Çalıştığım fabrikanın içinde bir mescit var ve Cuma namazları fabrikanın içinde kılınıyor. Organizede bizim fabrikaya yakın fabrikaların işçileri de geliyor. Cuma namazlarını patron da hiç aksatmıyor. Cuma namazını kıldıran ve vaaz veren hoca da fabrikada çalışan İmam Hatip lisesini okumuş bir işçi. Geçtiğimiz Cumanın vaazı diğer vaazlara göre çok farklı verilmiş. Bizim hoca vaazda şunları söylemiş; “1 maaş ya da 2 maaş alamazsanız zor duruma düşersiniz. Ancak çalışarak fabrikamızı kalkındırmamız lazım. Fabrika kalkınmazsa ülke ekonomisi zarar görür. Yoksa Filistin ve Suriye gibi oluruz. Ortam karışık savaş var.” Hoca bu lafları söylediği anda işçiler arasında uğultular başlamış. Bu sefer hoca sert bir tepki göstermiş “bu namazı ben kıldırıyorum, kendi aranızda konuşacaksanız burası yeri değil, çıkın dışarıda konuşun” demiş.
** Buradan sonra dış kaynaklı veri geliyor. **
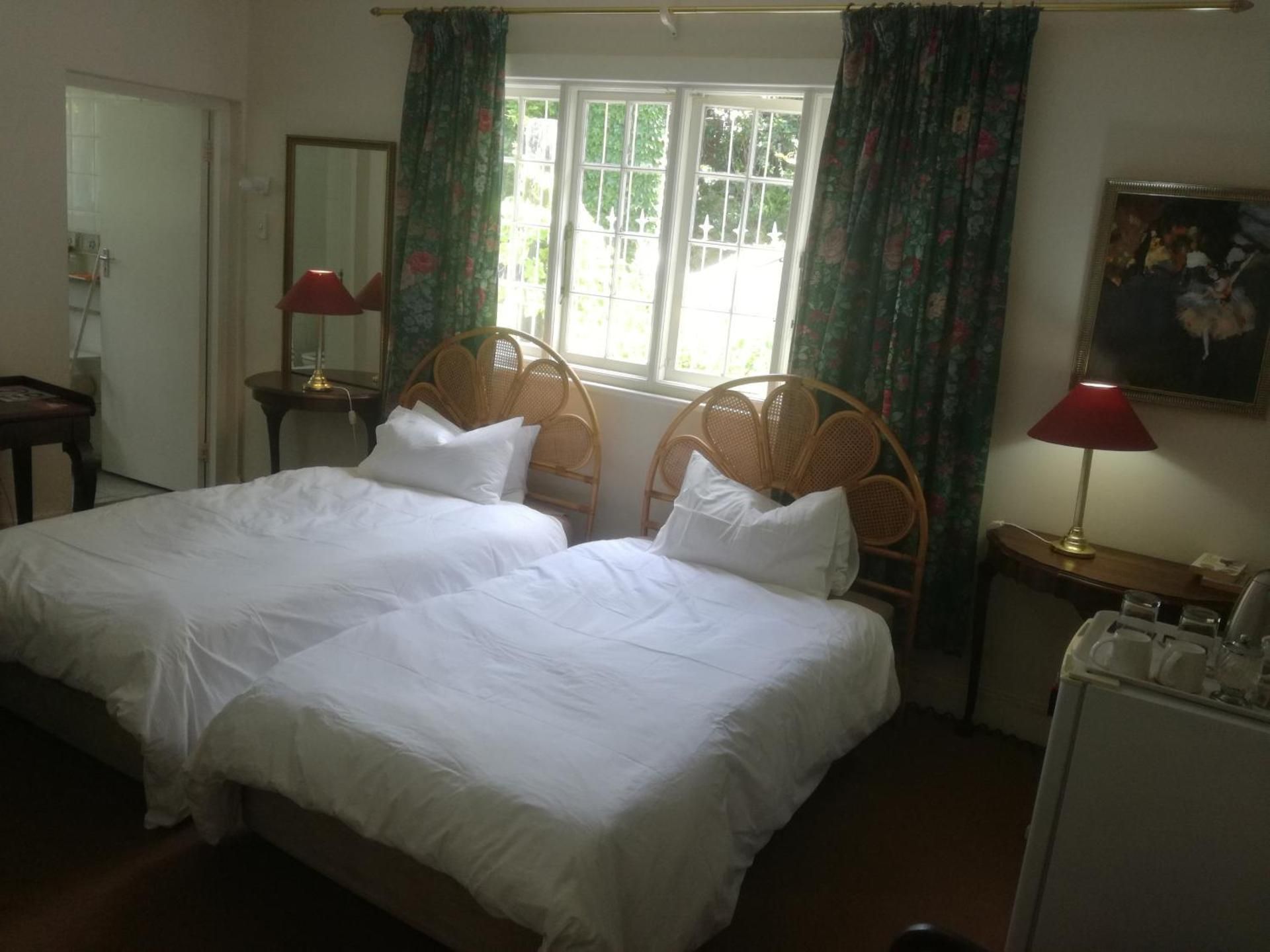 Twin Room with Private Bathroom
Azarın üzerine uğultuyu kesen işçiler namaz bittikten sonra dışarıda konuşmaya başladılar: “Bu hoca ne diyor ya, bu savaş bizim fabrikaya var da diğer fabrikalara yok mu? Bankalar savaş var diye borçlarımızı bekletiyor mu sanki? Ev sahibi savaş var diye kirayı bekletir mi? Kesin bu hocaya bu lafları patron söyletmiştir. Bu hoca maaşını zamanında alıyor da mı bu lafları konuşuyor?”
Anlaşılıyor ki bu konuşmayı yapmasını patron öğütlemiş. Zaten patron birçok oyunlarıyla bizi sömürmeye devam ediyor. Patronlar dini duygularımızı kullanarak bizi sömürüyorlar. İşte bu da kanıtı!